Many of these changes were sparked by the reinvigorated women's movement that emerged in the 1960s and 1970s. The National Organization for Women (NOW) was founded in 1966 after the Equal Employment Opportunity Commission initially refused to enforce the ban on sex-based employment discrimination enacted in the Civil Rights Act of 1964. The organization urged the government to pay attention to the concerns of women, including the need for health care and pregnancy leave.

NOW also called for passage of the Equal Rights Amendment (ERA), which stated that "equality of rights under the law shall not be denied or abridged by the United States or by any state on account of sex." It had first been introduced in Congress in 1923 but had never been passed and sent to the states for ratification. In 1972 Congress finally approved the amendment and sent it to the states for ratification, which would require the approval of 38 states. Although many states quickly ratified the ERA, organized opposition to the amendment emerged. The amendment was sent for ratification shortly before the Supreme Court issued the Roe v. Wade (1973) ruling. This controversial ruling declared most state antiabortion laws unconstitutional. Opponents of the ERA portrayed support for the amendment as equivalent to support for Roe v. Wade and portrayed ERA supporters as "antifamily." Some opposition to the ERA came from women who had concerns that it could negatively affect women. For example, they feared it could deprive women of the right to alimony in the case of divorce or lead to women being drafted into the military. The ERA was ratified by 35 states by 1977, falling three states short. Congress extended the deadline for ratification to 1982, but no more states ratified it. In 2017 and 2018, two more state legislatures (Nevada and Illinois, respectively) ratified the amendment. Should a third do so, providing the needed 38, ratification would probably be challenged in court because the congressional deadline had been passed.

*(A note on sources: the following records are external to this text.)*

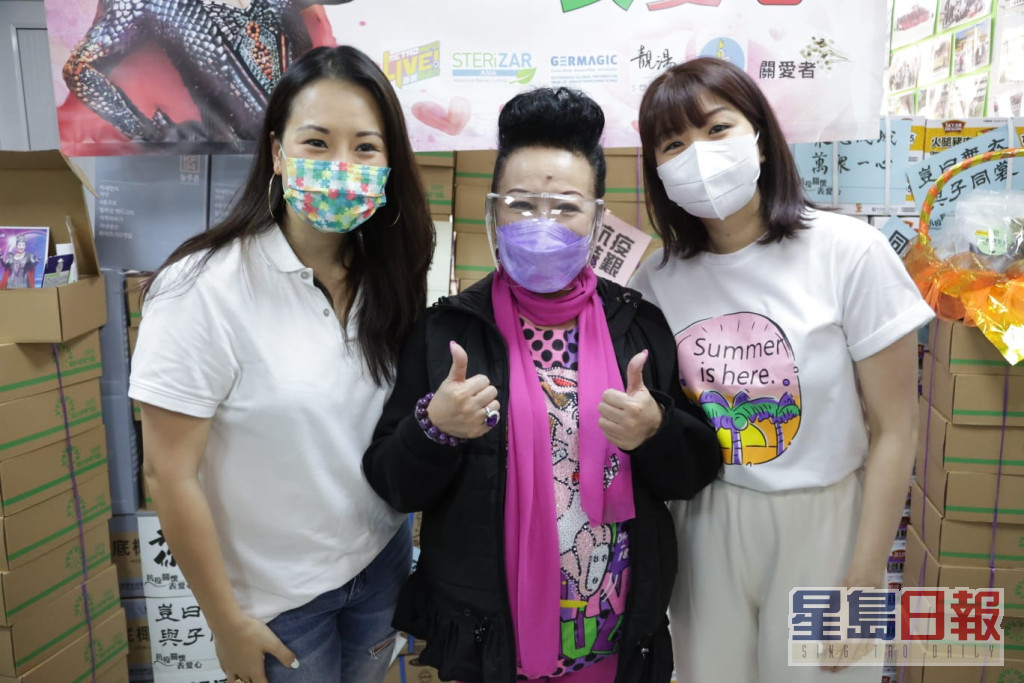 蔡洁雯（左一）、薛家燕和胡家惠（右一）一齐出席抗疫活动。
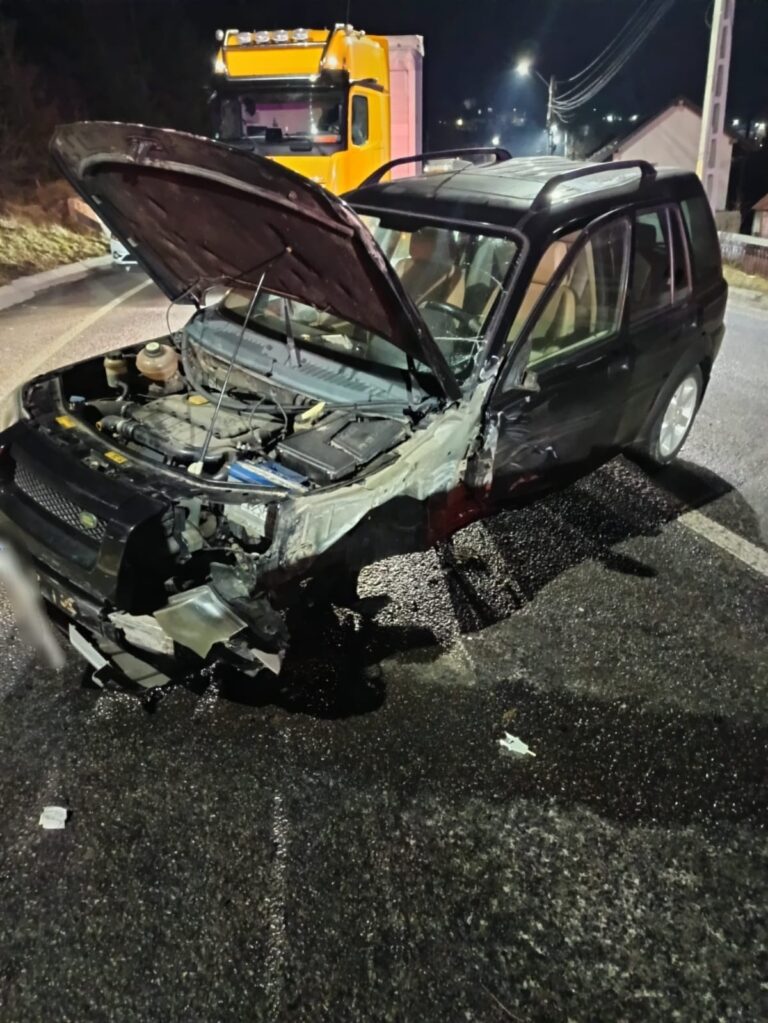 Două persoane au fost rănite după ce un șofer din Vama a pătruns cu mașina pe contrasens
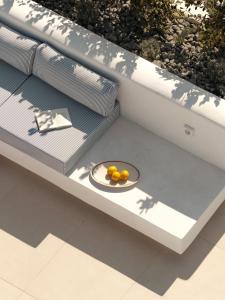 a plate of fruit sitting on a bench at Villa Sol Mare Naousa, Paros in Naousa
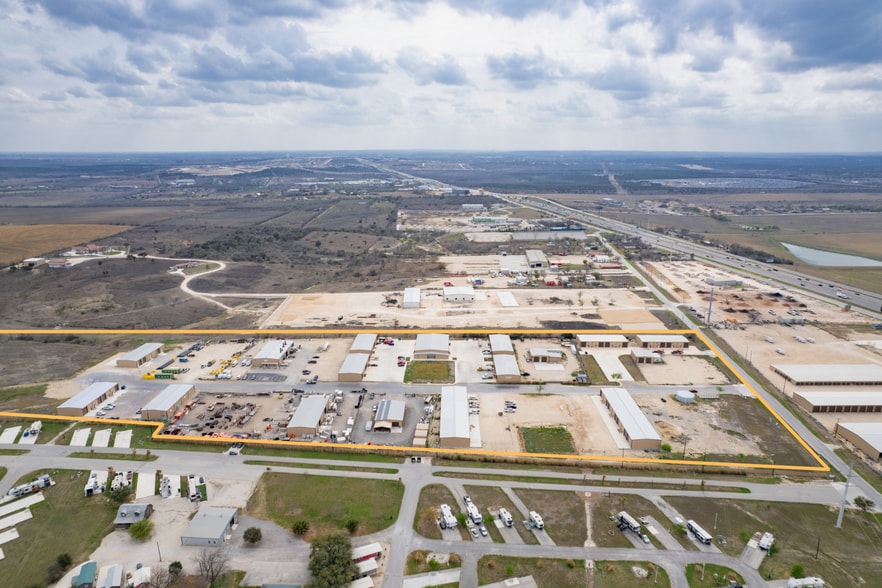 More Photos Of 7977 Old Bastrop Rd, New Braunfels Unknown For Lease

Sexual harassment in the workplace remained a problem for women. Beginning in 1976, federal courts began recognizing sexual harassment as a form of workplace discrimination. Initially, this meant sexual harassment in the form of demanding sexual favors as a condition of being hired or promoted. In 1986 the U.S. Supreme Court ruled that sexual harassment that creates a "hostile work environment" is also sexual discrimination. The U.S. Supreme Court recognized same-sex sexual harassment in 1998. News reports of sexual harassment involving prominent people sparked the "Me Too" movement in the late 2010s, demonstrating that sexual harassment remains a common problem in the workplace.